With the hope that in the spring of 2022, group immunity thanks to the vaccination of the population will be a reality. A kind of guarantee in the time collected in the same ECB statement which, according to Samy Chaar, Lombard Odier’s chief economist, also has the role of “Limit” from now on “the economic damage of the second wave” in which the Eurozone is immersed.
Loss of impact
Buy time instead of more bonuses. That’s the idea that Andrew Mulliner, manager of Janus Henderson’s fixed income team, insists on. He considers that once “the massive wave of monetary and fiscal stimuli” of the peak of the outbreak of the pandemic is overcome, “the figures begin to lose their impact.” Instead, he notes the announced extensions have already started to do their job.
In a session where several sovereign bonds were preparing to enter in a block in negative interest territory, including the Spanish, Mulliner emphasizes that “the markets absorbed the news well and the bonds returned part of their gains.” In summary, he assures that although “the lack of an enthusiastic response from the markets is a bit disappointing, lack of volatility indicates that the ECB’s credibility is intact”.
Slow down the pace
From Western Asset, the firm specializing in public debt of the US manager Franklin Templeton, analyst Andreas Billmeier, points out that Lagarde’s ECB has managed to “transfer the image of a central bank that seeks to reduce uncertainty for the private sector [mientras] clearly indicates your willingness to slow down your purchases”.

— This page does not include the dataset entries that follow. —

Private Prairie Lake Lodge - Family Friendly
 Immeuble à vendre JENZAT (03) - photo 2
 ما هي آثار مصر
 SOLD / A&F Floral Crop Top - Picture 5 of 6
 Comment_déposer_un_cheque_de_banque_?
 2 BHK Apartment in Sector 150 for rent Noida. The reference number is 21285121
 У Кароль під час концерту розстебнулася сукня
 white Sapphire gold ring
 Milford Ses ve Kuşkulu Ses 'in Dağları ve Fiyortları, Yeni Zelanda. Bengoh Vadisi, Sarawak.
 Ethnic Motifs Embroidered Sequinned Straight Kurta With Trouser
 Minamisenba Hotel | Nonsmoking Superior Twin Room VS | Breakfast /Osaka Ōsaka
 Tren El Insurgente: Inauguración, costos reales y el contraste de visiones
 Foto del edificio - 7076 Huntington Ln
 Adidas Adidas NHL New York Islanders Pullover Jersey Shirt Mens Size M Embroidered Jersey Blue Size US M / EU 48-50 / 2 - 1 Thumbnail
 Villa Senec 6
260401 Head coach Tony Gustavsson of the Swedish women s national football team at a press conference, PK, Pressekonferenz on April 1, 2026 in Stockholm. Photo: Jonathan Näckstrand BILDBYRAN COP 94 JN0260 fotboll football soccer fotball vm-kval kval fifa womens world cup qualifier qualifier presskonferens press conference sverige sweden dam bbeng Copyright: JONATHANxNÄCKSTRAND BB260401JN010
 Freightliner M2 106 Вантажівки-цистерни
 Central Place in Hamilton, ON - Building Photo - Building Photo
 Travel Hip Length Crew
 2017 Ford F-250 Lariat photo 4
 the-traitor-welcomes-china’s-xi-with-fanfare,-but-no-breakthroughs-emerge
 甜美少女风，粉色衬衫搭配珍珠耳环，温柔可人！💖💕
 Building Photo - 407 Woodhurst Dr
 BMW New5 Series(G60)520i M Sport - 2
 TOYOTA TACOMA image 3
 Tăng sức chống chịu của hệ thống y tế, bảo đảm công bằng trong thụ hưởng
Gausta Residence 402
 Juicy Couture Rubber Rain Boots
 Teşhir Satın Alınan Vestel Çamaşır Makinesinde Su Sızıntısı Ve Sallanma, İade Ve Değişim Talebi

A third change that is not just by conviction, much less as a pilot test. The latest operational data from the ECB had already been pointing to him. Some more leisurely shopping in the secondary market with rates and risk premiums at bay and some TLTRO III auctions that made it clear that the need for liquidity is getting smaller in the market as the -still fragile- economic recovery progresses.
And even more than that, Annalisa Piazza, fixed income analyst at MFS Investment Management, points out that with a term extension “a little longer than expected”, the ECB also manages to buy time to “act as a ‘bridge’ with which to smooth the return to normality of the economy while maintaining the current favorable financing conditions ”.
European funds
A transition in which activation of economic reconstruction mechanisms They must also play the key role that Lagarde and his team have been demanding from the euro countries for months.
In this sense, Azad Zangana, senior economist for Europe at Britain’s Schroders, notes that “it seems that the ECB does not want its stimulus to lose steam before EU governments have had a chance to make use of the EU recovery fund ”, which finally saw the light also this Thursday after some bitter negotiations with Hungary and Poland.
Now it remains that the community and each State bureaucracy don’t become an obstacle or a client network that hinders the good use and use of these funds. Thus, the time bought by the ECB will take effect. Counting on the period that has been given for the reinvestment of maturities, up to three more years from now, on the ninth anniversary of the introduction to your toolbox of liquidity auctions to which the contract has also been renewed.